Show HN: Treni – single-binary GPU runtime for uncertainty-aware agents 5ms TTFT(treni-docs.pages.dev)

1 pointby andrewmonostate5 hours ago1 comment

andrewmonostate4 hours ago
Treni is a runtime project, not an agent framework. The problem we’re targeting is that most agents today operate on serialized tool outputs (HTTP -> JSON -> string parsing). That means the policy often cannot observe execution quality directly.
Our thesis is “seeing is believing”: keep models + routing + tokenization + tool execution + state in one GPU runtime so the agent can branch on execution signals (entropy/logprobs, retrieval distance/quality, route confidence) before committing the next step.

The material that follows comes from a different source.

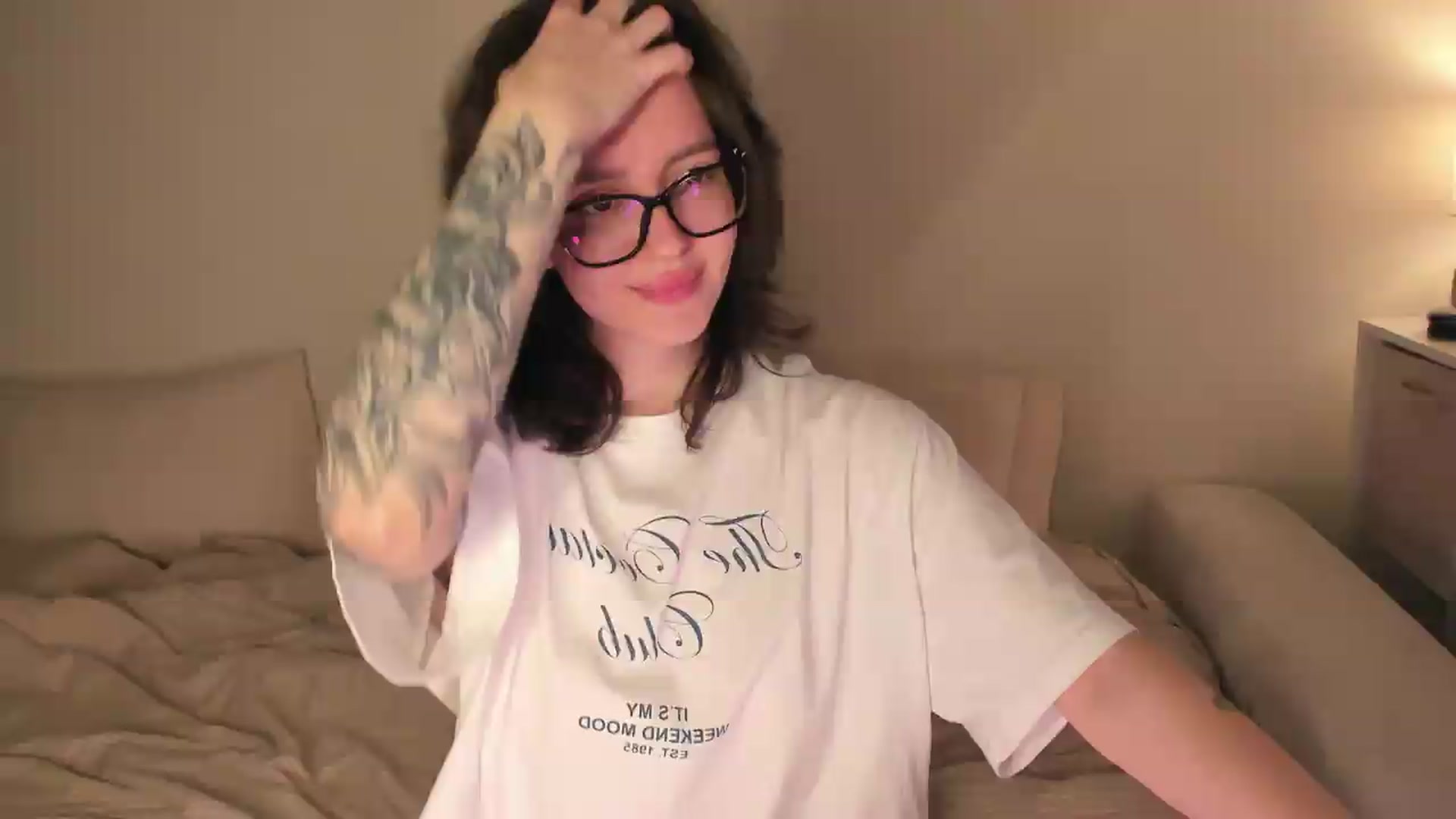 Gallery image thumbnail from Sofieee's myfreecams stream on, 08/26/2026, 06:36 image 15 of 20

What we set out to prove (in order): A) Speed: is a unified runtime materially faster than the Python stack? B) Routing: does in-process routing beat external hop routing under matched tasks? C) Awareness: do uncertainty-aware loops improve multi-step outcomes?

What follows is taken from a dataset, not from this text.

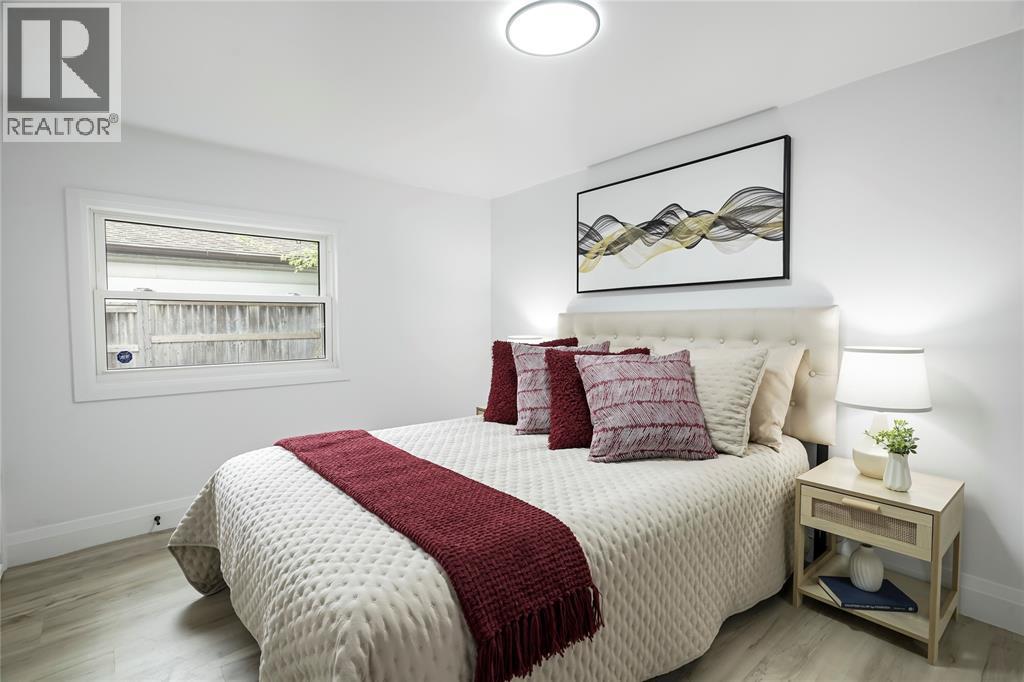 867 Devine STREET - 24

Current status from the docs: - Speed: warm path on G5 is 80.602 ms mean / 90.350 ms p99; warm baseline ratio is 29x vs Python pipeline. - Runtime vs vLLM (external-cold, token parity max_tokens=48): 5.130 vs 84.837 ms TTFT (16.537x), 316.403 vs 1232.660 ms full (3.896x), 1320.240 vs 28937.430 ms cold-total (21.918x). - Routing matrix (G5): overall ext/int 1.208x (internal faster), internal error 0.0000, external error 0.0347. - Awareness harness (C2): runtime-native uncertainty deltas are positive in both baseline and stress (e.g., +0.1539 internal baseline; +0.1154 external stress).
Paper connection: The Entropy-Guided Loop paper (arXiv:2509.00079) is the research base for the uncertainty trigger logic. Reported there: ~95% of larger reasoning model performance at ~1/3 compute, with selective refinement activating on ~31% of responses and +16pp accuracy lift.

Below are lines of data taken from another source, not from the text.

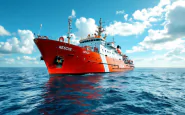 Immagine di soccorso in mare con equipaggio in azione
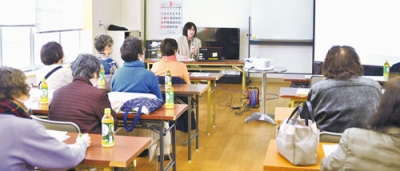 写真：詐欺の巧妙な手口などを学んだ福祉委員勉強会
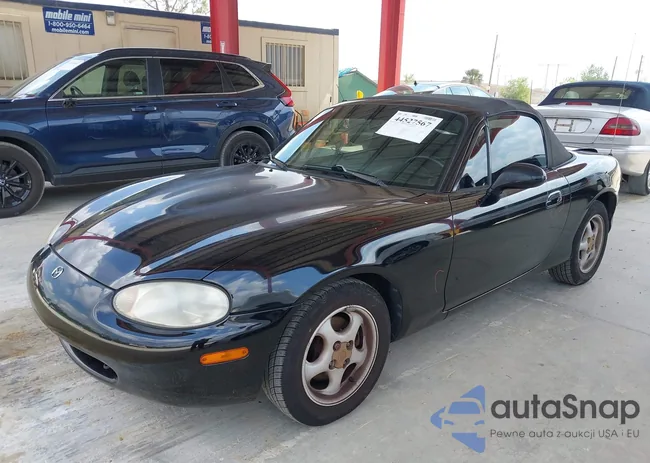 JM1NB3534X0113772: 44527567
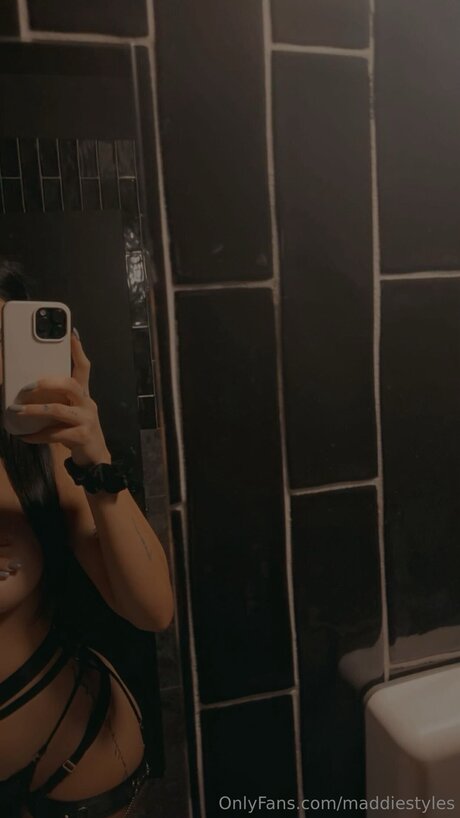 Maddiestyles nackt xxx foto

What is still open: - lower startup overhead in the fused miss-mitigation path - higher-N, region-pinned commercial reruns to tighten CIs
If you have ideas, I’d really value specific feedback on: 1) failure modes we should add to the harness 2) uncertainty policies (thresholds, rolling debt, escalation rules) 3) task families that would be most convincing for decision-quality (not just latency)